**WHAT TO PRODUCE**
Everything in the records except the pictures needs to be printed again exactly.

(DATA FOR PROCESSING Opens)

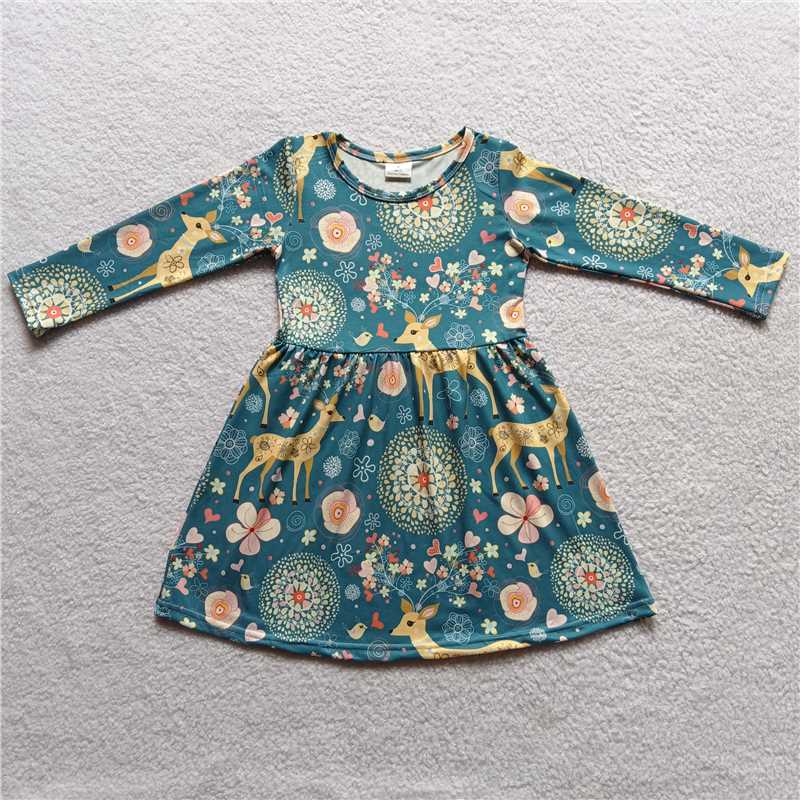 9.19 RTS NO MOQ（In stock）G3-24-4] Baby Girls Winter Dress Blue long-sleeved dress with deer pattern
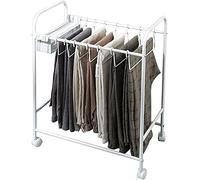 Portant à Pantalons à roulettes Grande capacité, idéal pour Les Petits espaces, 59,5 x 34,5 x 28 cm, Peut contenir des Costumes, des Jeans, des Robes - Armoire d'intérieur (Blanc)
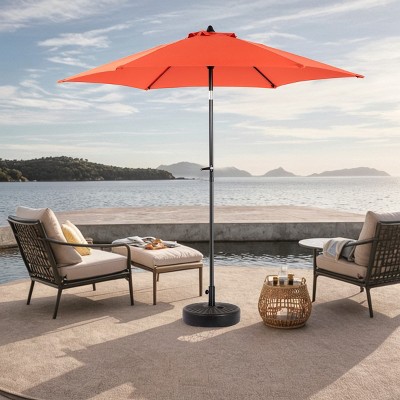 9FT Outdoor Patio Double Sided Umbrella With 6 Steel Ribs,Table Umbrella With Push Button Tilt And Crank,Base Not Included-Coolbibila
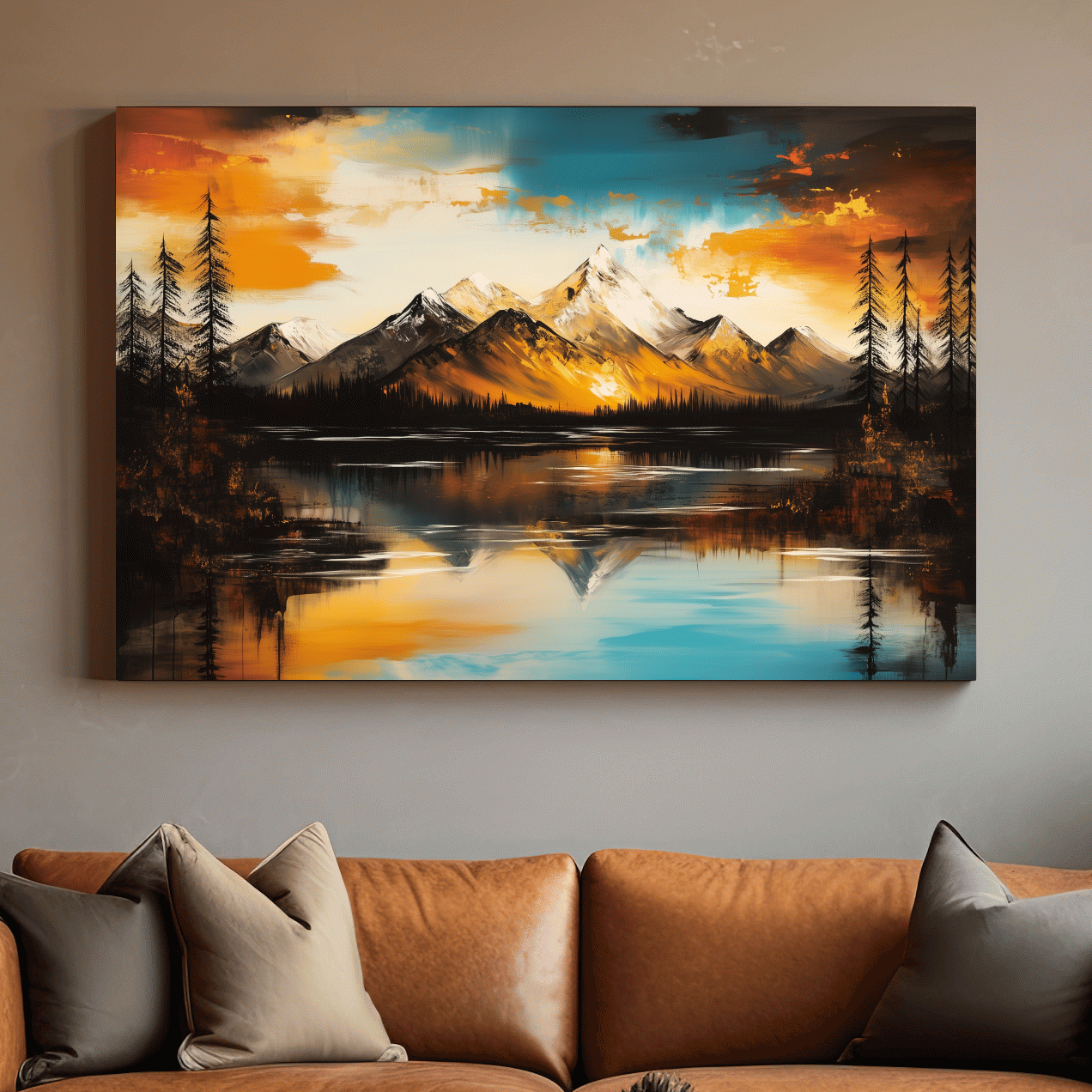 Alpine Mountain Sunset Oil Painting - Textured Abstract Landscape Wall Art
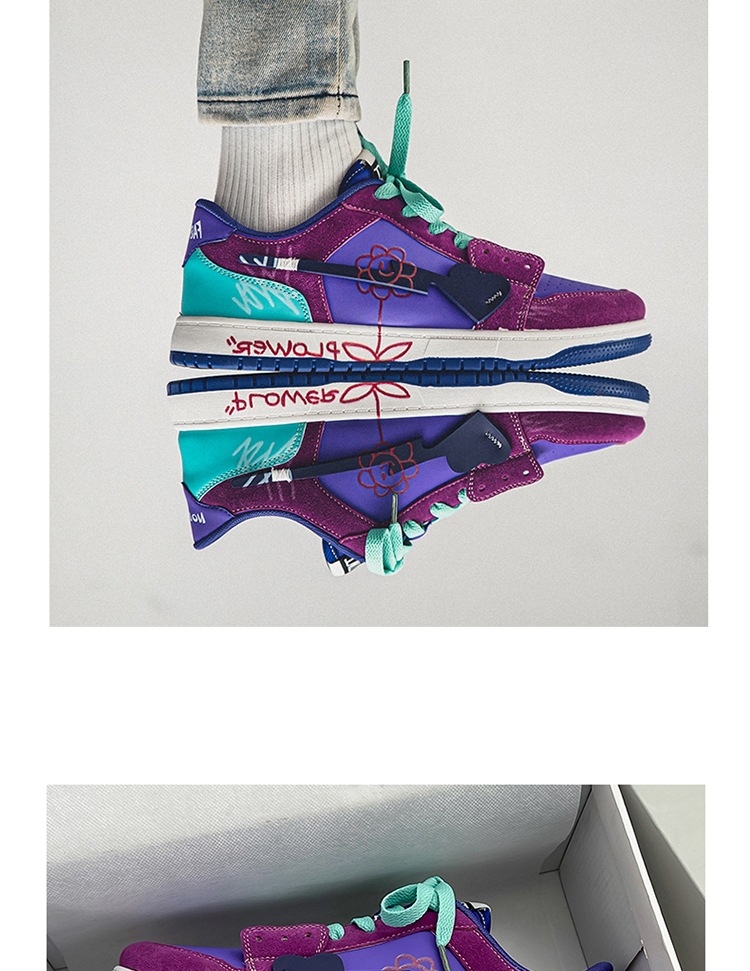 Shoes Men Ddmysports S New Explosive Students Graffiti Design Sense Chic Ong Kong Only Board Shoes Outdoor tudents ense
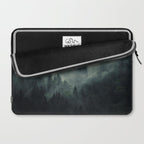 Green misty mountain pine forest in cloudy and rainy - vintage style photo Laptop Sleeve Gallery Image 2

(DATA FOR PROCESSING Closes)

**TASK SOLUTION**
 9.19 RTS NO MOQ（In stock）G3-24-4] Baby Girls Winter Dress Blue long-sleeved dress with deer pattern
 Portant à Pantalons à roulettes Grande capacité, idéal pour Les Petits espaces, 59,5 x 34,5 x 28 cm, Peut contenir des Costumes, des Jeans, des Robes - Armoire d'intérieur (Blanc)
 9FT Outdoor Patio Double Sided Umbrella With 6 Steel Ribs,Table Umbrella With Push Button Tilt And Crank,Base Not Included-Coolbibila
 Alpine Mountain Sunset Oil Painting - Textured Abstract Landscape Wall Art
 Shoes Men Ddmysports S New Explosive Students Graffiti Design Sense Chic Ong Kong Only Board Shoes Outdoor tudents ense
 Green misty mountain pine forest in cloudy and rainy - vintage style photo Laptop Sleeve Gallery Image 2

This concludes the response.